**To do:**
Data follows below. Repeat exactly the lines between the line holding "高清摄影 红叶植物上的露珠" and the line holding "30 West Dover", inclusive, and nothing more; drop pictures.

**Material shown:**
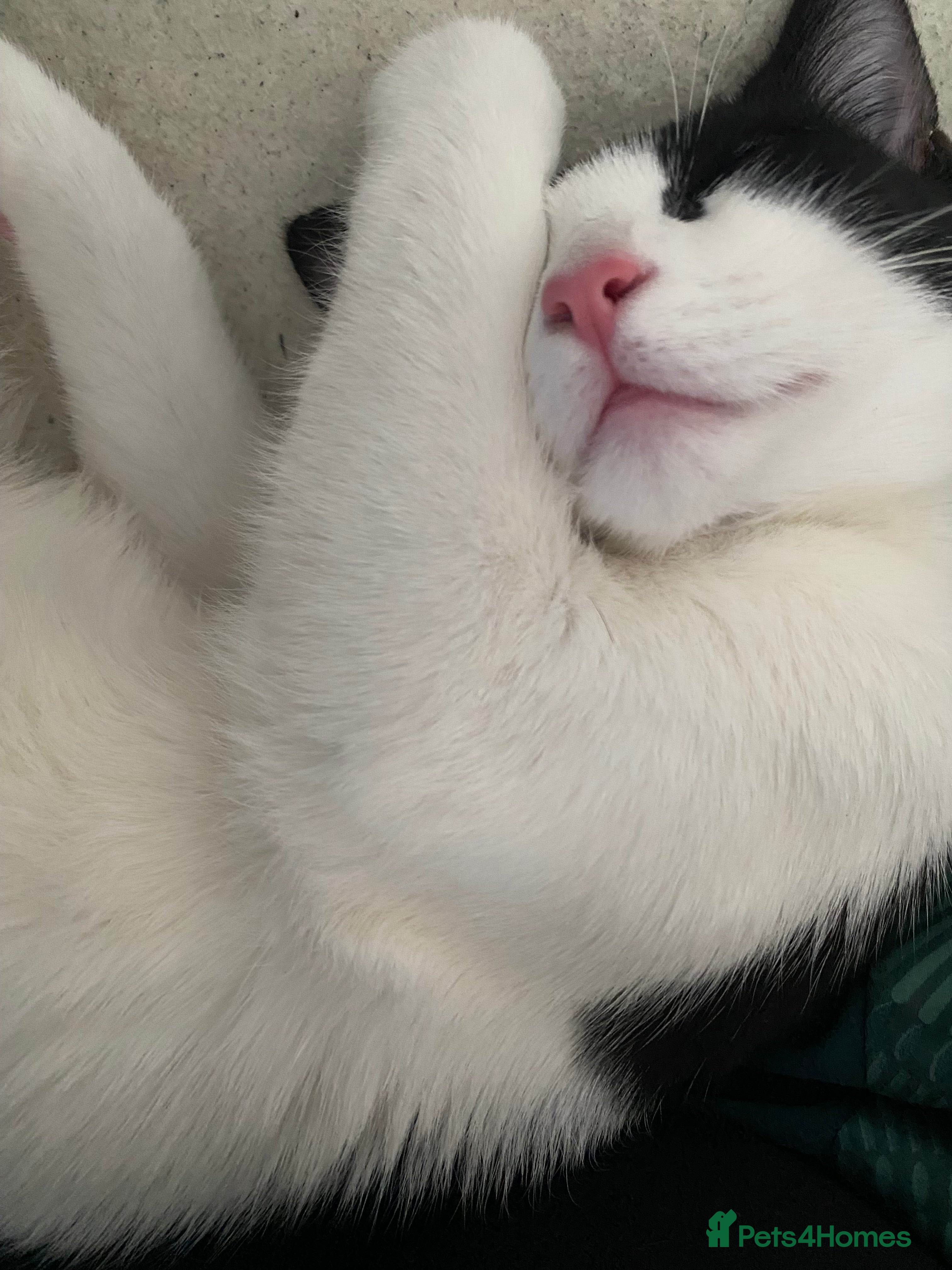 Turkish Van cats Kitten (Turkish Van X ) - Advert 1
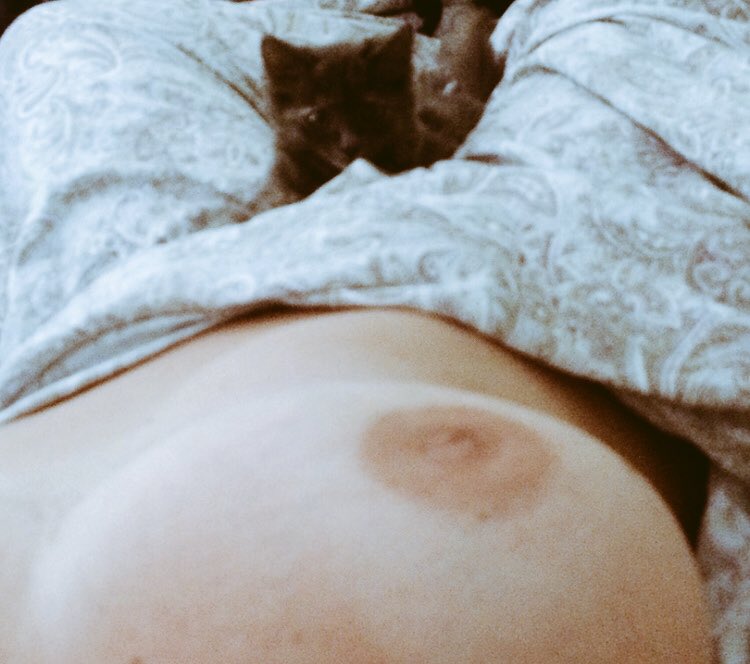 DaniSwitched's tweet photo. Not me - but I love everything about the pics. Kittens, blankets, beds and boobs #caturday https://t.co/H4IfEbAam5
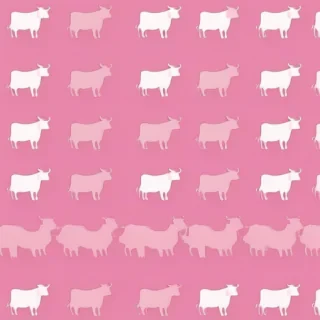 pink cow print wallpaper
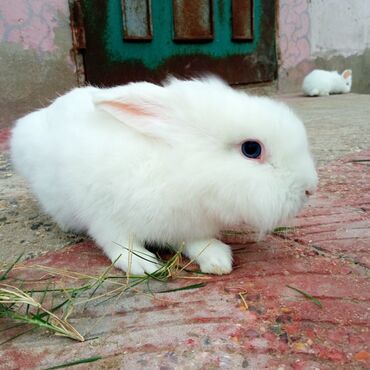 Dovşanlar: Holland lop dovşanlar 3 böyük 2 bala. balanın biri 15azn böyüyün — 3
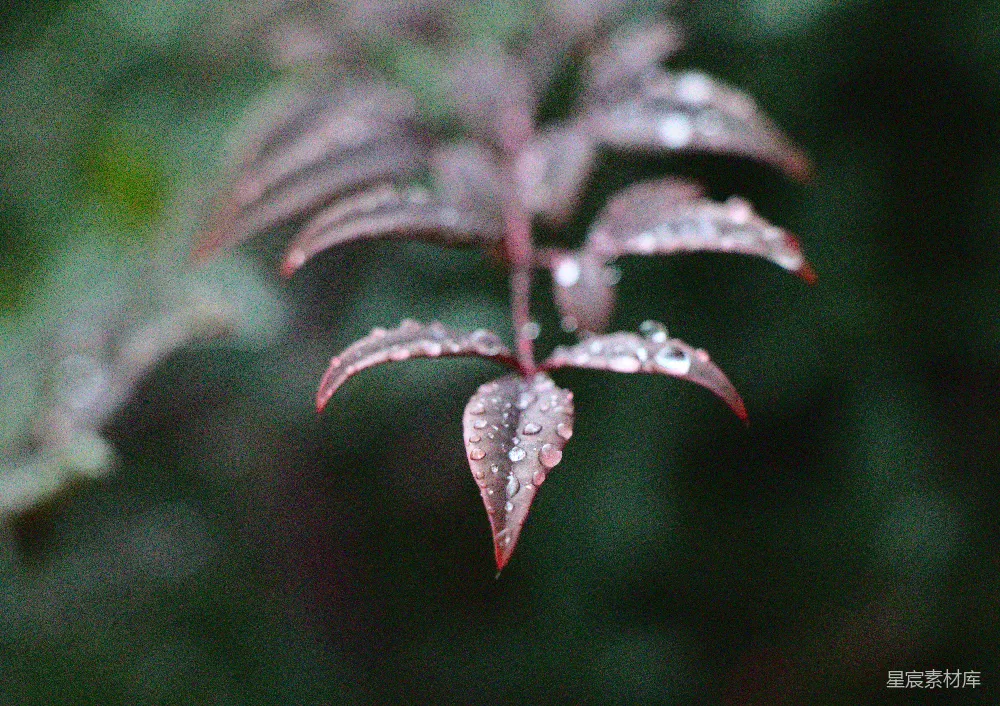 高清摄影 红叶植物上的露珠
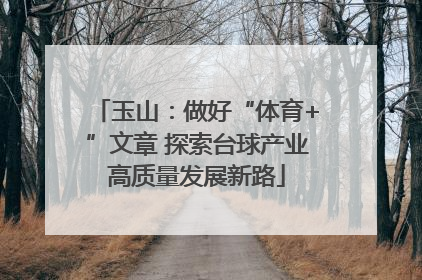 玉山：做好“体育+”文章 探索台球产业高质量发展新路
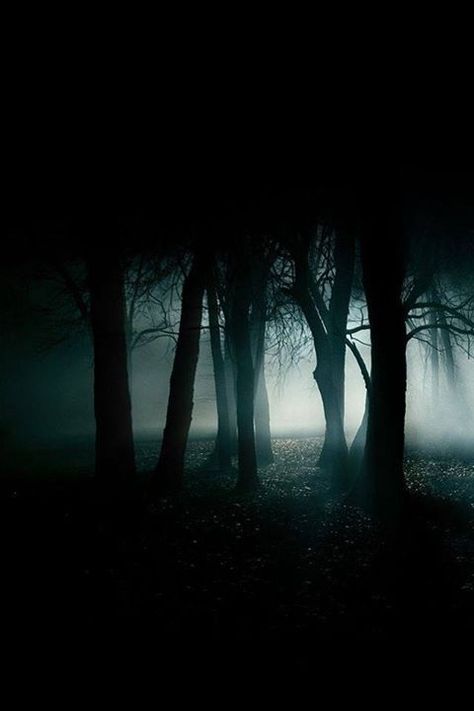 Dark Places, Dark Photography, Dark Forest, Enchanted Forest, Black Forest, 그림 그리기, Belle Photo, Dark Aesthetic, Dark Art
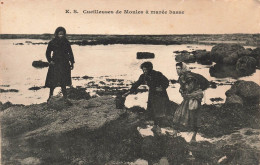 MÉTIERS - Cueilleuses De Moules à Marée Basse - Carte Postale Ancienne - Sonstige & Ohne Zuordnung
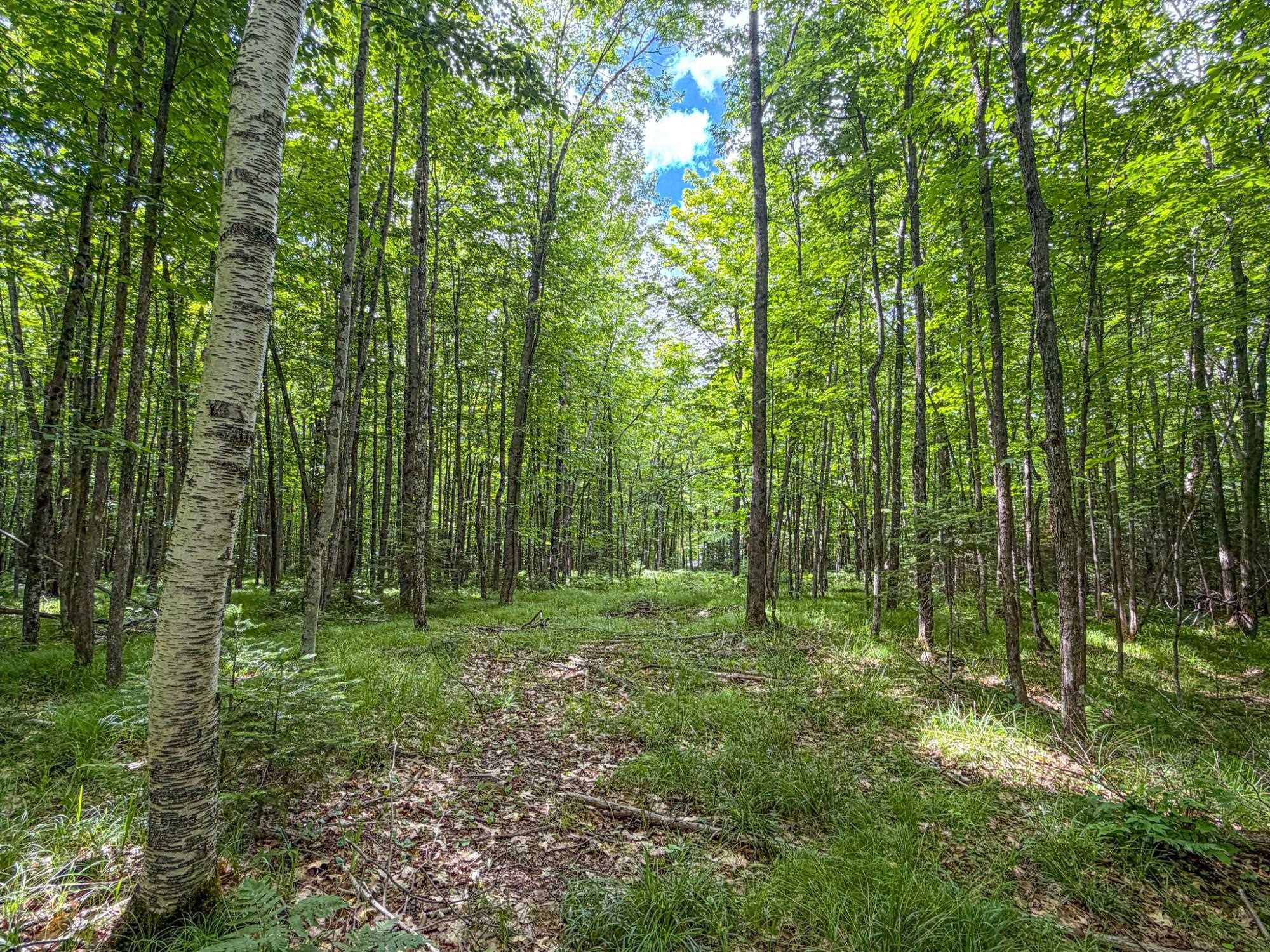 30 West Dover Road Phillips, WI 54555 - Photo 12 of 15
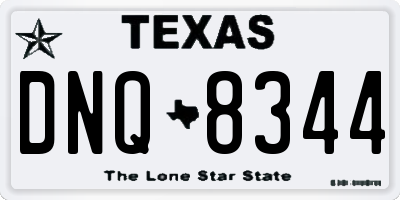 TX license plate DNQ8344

**Output below:**
 高清摄影 红叶植物上的露珠
 玉山：做好“体育+”文章 探索台球产业高质量发展新路
 Dark Places, Dark Photography, Dark Forest, Enchanted Forest, Black Forest, 그림 그리기, Belle Photo, Dark Aesthetic, Dark Art
 MÉTIERS - Cueilleuses De Moules à Marée Basse - Carte Postale Ancienne - Sonstige & Ohne Zuordnung
 30 West Dover Road Phillips, WI 54555 - Photo 12 of 15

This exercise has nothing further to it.